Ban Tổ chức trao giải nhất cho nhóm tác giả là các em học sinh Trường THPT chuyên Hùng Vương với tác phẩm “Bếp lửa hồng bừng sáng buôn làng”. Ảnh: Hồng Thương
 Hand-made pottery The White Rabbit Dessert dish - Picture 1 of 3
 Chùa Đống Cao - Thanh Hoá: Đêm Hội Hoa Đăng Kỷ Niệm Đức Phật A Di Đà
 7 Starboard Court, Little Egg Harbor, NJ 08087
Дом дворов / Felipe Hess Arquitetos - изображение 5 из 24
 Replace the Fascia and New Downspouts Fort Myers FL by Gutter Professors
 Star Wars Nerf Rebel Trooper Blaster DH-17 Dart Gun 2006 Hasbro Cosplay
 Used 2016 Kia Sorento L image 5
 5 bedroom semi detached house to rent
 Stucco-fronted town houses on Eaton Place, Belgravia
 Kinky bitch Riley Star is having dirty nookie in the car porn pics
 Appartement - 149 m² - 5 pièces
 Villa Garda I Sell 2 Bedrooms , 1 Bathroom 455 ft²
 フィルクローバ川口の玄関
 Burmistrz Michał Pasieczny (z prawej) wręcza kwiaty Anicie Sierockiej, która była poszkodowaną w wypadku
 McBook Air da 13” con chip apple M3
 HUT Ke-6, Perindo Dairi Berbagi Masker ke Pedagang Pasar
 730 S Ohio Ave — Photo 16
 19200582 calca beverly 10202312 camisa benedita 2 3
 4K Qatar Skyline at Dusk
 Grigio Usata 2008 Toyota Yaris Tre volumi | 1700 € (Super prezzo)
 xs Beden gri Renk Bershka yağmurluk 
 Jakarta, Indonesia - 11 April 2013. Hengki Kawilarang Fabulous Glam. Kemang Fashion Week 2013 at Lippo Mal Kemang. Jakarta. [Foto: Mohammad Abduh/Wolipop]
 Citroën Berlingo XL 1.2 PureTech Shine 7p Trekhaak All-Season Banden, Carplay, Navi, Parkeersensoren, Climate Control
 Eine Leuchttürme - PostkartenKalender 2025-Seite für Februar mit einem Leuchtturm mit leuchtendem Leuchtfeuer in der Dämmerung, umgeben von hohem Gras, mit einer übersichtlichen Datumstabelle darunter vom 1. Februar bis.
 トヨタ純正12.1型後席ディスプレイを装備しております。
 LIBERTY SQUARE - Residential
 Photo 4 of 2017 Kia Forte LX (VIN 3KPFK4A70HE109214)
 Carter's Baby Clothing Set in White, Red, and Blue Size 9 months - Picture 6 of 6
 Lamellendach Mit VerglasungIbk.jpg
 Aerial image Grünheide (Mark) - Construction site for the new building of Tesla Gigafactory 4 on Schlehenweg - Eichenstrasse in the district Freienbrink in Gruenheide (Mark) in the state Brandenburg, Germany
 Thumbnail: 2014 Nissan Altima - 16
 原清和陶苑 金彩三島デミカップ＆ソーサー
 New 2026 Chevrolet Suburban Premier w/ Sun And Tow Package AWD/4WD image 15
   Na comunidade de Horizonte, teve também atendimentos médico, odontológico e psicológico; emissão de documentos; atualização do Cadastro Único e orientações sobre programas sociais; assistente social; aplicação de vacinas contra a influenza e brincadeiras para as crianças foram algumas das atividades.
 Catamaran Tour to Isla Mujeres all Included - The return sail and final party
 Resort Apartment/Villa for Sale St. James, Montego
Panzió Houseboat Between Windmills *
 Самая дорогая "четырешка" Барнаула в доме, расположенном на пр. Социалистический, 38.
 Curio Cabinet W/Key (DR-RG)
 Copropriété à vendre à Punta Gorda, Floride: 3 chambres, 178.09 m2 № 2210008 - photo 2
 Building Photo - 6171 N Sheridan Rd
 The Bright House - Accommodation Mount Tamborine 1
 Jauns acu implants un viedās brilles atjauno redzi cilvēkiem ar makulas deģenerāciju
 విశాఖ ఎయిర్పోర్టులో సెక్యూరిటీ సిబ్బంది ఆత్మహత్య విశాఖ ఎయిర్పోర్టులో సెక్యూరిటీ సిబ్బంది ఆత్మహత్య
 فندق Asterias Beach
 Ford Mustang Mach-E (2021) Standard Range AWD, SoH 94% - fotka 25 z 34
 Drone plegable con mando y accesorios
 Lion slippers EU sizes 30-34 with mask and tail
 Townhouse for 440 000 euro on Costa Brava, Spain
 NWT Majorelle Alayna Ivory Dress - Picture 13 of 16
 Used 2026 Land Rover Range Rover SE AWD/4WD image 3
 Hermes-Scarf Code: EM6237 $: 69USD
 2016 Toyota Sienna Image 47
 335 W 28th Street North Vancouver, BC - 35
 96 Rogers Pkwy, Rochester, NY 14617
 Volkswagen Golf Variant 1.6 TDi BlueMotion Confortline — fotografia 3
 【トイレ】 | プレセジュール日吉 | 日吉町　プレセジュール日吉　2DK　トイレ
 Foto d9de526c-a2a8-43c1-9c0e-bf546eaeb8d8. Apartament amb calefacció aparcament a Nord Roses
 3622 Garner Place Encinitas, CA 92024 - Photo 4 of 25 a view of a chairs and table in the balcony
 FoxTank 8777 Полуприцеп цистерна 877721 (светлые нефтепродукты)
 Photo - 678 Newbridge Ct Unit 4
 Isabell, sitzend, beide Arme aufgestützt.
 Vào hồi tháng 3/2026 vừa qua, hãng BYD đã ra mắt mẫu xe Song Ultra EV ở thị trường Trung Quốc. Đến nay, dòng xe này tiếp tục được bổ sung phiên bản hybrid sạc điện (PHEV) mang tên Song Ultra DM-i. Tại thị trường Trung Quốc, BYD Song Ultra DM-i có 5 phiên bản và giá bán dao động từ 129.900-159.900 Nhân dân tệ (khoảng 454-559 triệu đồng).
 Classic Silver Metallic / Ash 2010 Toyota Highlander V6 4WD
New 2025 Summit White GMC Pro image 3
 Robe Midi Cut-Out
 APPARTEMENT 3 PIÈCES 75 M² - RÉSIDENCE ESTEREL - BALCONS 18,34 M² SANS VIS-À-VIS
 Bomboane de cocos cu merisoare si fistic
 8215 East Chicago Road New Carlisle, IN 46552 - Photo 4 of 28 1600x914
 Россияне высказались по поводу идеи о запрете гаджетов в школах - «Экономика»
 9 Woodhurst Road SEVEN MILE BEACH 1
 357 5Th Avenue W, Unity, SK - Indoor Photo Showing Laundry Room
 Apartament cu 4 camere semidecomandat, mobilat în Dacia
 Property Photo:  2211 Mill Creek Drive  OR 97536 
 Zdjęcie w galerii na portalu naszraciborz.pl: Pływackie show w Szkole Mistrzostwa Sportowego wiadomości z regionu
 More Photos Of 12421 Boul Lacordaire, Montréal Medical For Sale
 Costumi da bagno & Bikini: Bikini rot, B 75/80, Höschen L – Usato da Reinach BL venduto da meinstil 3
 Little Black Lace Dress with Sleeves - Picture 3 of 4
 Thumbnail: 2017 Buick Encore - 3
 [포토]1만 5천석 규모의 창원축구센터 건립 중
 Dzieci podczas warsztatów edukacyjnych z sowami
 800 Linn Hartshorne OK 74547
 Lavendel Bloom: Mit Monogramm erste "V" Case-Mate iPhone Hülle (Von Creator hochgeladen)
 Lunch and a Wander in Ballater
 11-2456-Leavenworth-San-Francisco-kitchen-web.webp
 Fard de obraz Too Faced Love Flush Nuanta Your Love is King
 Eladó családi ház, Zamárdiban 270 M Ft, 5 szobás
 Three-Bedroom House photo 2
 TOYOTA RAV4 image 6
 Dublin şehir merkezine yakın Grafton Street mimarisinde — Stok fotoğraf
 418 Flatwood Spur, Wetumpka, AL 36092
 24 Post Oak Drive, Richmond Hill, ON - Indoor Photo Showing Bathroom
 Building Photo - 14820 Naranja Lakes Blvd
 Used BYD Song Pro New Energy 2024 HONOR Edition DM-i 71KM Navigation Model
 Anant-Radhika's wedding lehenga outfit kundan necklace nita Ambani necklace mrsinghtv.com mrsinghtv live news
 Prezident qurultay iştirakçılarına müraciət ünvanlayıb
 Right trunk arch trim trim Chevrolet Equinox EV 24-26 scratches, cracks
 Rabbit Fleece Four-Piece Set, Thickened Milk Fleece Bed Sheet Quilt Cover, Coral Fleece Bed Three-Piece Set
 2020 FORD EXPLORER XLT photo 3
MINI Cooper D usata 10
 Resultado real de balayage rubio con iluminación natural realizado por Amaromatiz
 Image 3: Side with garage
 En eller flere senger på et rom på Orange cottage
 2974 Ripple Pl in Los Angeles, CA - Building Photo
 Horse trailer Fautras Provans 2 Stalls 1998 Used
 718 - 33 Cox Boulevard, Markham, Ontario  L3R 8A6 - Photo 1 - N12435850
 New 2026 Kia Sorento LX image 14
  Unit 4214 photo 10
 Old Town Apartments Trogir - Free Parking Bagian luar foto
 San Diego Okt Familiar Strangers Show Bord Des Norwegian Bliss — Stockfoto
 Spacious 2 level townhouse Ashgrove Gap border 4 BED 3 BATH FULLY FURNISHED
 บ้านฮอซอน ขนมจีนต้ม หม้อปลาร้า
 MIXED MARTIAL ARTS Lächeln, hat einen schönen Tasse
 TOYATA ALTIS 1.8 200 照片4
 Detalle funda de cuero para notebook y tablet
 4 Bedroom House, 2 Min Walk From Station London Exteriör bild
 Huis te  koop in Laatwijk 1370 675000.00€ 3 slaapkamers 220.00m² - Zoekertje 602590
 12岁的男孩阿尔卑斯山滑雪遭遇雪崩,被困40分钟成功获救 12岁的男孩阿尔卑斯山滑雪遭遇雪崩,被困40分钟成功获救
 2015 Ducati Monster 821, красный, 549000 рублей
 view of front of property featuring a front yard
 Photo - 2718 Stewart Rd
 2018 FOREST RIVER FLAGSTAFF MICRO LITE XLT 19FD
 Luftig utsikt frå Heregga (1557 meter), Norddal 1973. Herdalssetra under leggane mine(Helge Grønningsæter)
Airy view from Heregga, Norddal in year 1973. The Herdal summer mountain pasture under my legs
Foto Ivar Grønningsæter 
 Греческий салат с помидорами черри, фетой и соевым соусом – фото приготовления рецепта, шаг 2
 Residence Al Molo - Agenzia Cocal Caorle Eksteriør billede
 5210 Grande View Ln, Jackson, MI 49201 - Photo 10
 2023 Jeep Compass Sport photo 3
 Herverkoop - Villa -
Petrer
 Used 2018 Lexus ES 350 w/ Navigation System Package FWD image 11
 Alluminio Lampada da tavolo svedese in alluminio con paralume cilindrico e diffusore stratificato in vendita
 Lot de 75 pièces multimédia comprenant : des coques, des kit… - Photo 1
◇ ◇ ◇ ◇ ◇ ◇ ◇
Scan the data above, find each line with "Grønningsæter", and copy it.

→ Task result
 Luftig utsikt frå Heregga (1557 meter), Norddal 1973. Herdalssetra under leggane mine(Helge Grønningsæter)
Foto Ivar Grønningsæter 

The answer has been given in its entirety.